The former Maine newspaper reporter who pleaded guilty in a case that was spun off from special counsel Robert Mueller’s Russia investigation was released from probation by a federal judge on Tuesday after a coronavirus-related request from his attorney.
Sam Patten, a political consultant raised mostly in Camden, pleaded guilty in 2018 to a lobbying violation after helping a pro-Russian politician from Ukraine get tickets to President Donald Trump’s 2016 inauguration. Patten was sentenced to three years probation.
That ended two years early on Tuesday when U.S. District Court judge Amy Berman Jackson accepted a request made by Patten attorney Stuart Sears earlier this month, issuing a one-page ruling citing “compliance with his conditions of release to date” and “the interests of justice.”
Sears noted that Patten had fulfilled several probation terms by doing 500 hours of community service, paying a fine, completing substance abuse testing and continuing to get mental health treatment.

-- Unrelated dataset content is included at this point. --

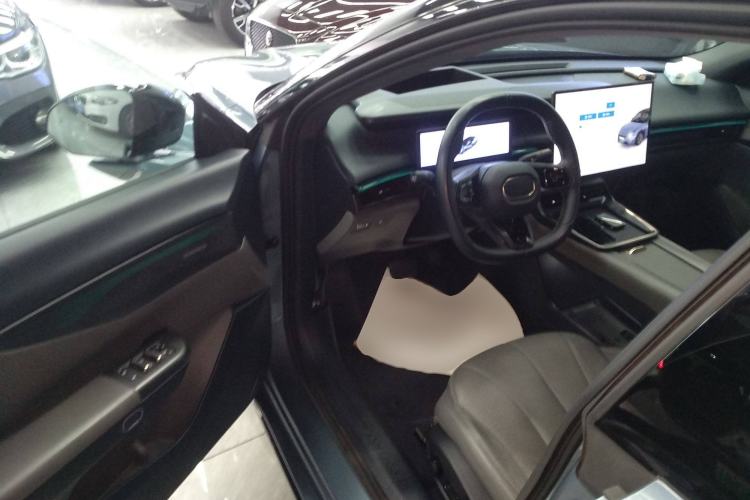 Used Lynk & Co 07 2024 EM-P 126 Long-Range Ultra Driver Seat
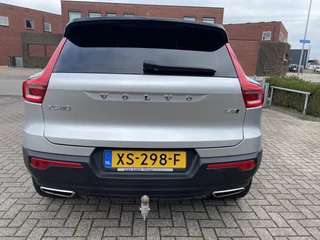 Volvo XC40 Navigatie Trekhaak 2000 kg Panoramadak ACC Leder Elek stoelen Pilot Assist Standkachel 360 Camera Apple Carplay NL Auto - afbeelding nr 7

He cited the strain on the justice system from the virus and argued Patten has “demonstrated through his conduct that he is not in need of further supervision.”
Patten was a small-time player in Mueller’s investigation into Russian interference in the 2016 election. He worked on foreign political campaigns for much of his career. At one point, he worked alongside former Trump campaign chair Paul Manafort with pro-Russian politicians in Ukraine. Manafort was sentenced to prison last year for financial crimes and got released last week due to virus concerns.
Amid his legal trouble, Patten cooperated with the federal government as it built a case against Manafort. He has apparently continued helping prosecutors. One told Jackson in a court document last week that Patten met with them in April for more than two hours and provided information that would be “helpful to ongoing investigations.”
Patten’s grandmother, Susan Mary Alsop, was a well-known socialite in Washington, D.C., where Patten was born. His father, Bill, ran the Camden Herald and Sam Patten worked there as a reporter for a year after college. He later worked for U.S. Sen. Susan Collins and ran George W. Bush’s 2000 presidential campaign in Maine.
Patten told the Bangor Daily News in an interview last year that he was considering moving back to Maine or his wife’s native Minnesota as he writes a memoir about his time in international politics. He wrote a piece in Wired magazine last year on his career.